A key element of the Kingdom involves invitation.  God continually invites us into a loving relationship, a life-giving union with himself.  This is another way of saying that God desires this union with every human person.  I also like the element of the ‘wedding feast’ in today’s Kingdom parable.  Indeed, our union with God draws us into the banquet of life – a banquet that alone suffices to truly fulfill the deepest longings of the human person – a banquet that satisfies like no other worldly pursuit.

The new insight gained with today’s Kingdom parable has to do with the reality of ‘resistance’ that is a part of embracing and expanding God’s Kingdom.  Notice how those invited to the ‘banquet’ refuse the invitation.  Some ignored the invitation while others even use violence against the ‘messengers’ to the point of killing some of them.

How often do we allow ourselves to think: “It should not be so difficult to lead a holy life.  Why is it so hard for me to be faithful to God? to love God?”  Today’s parable of the Kingdom indicates that resistance is something inherent in both the individual person’s efforts to respond to God’s invitation to a communion of love and in the world’s openness to the advance of God’s Kingdom.

This inherent ‘resistance’ is simply our participation in the ‘fallen nature’ of our human condition.  We want to think that ‘love should be easy,’ when in reality, it requires regular perseverance, personal sacrifice, fierce fidelity.  Jesus Christ is the model of such love and fidelity, and his love reveals also the painful reality of the struggle true love entails.
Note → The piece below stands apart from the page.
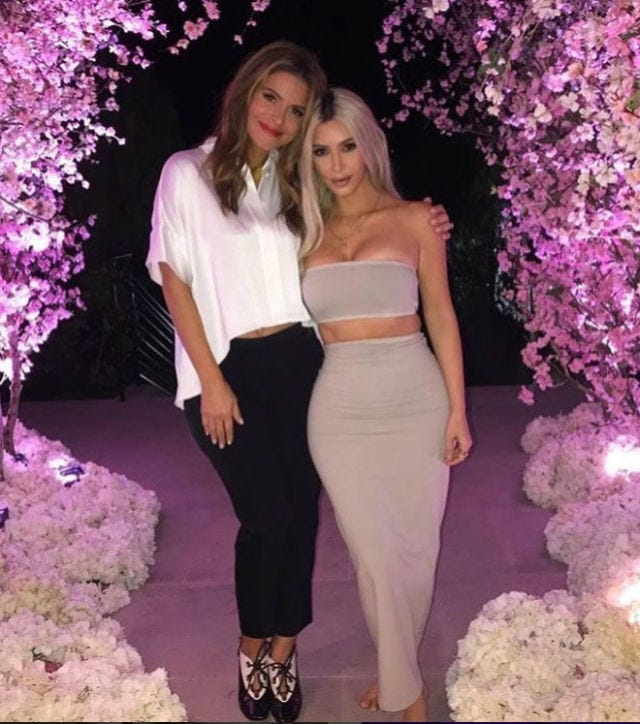 Clothing, Pink, Purple, Fashion, Dress, Lilac, Waist, Spring, Shoulder, Crop top,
So, let us be renewed this day by God’s Word and the Banquet of the Eucharist.  Let our own discipleship be ‘braced’ with the reality of resistance, and forged with the greater reality of love.

For God has sprinkled us with clean water, cleansed us of our impurities; He has given us a new heart and a new spirit, that we may live by his statutes.  He has claimed us as His children, that He may be our God. (Ezekiel 36:23-28)

In other words, God gives us all we need to overcome our resistance to His love.  He has given us His Son and the fullness of His Spirit.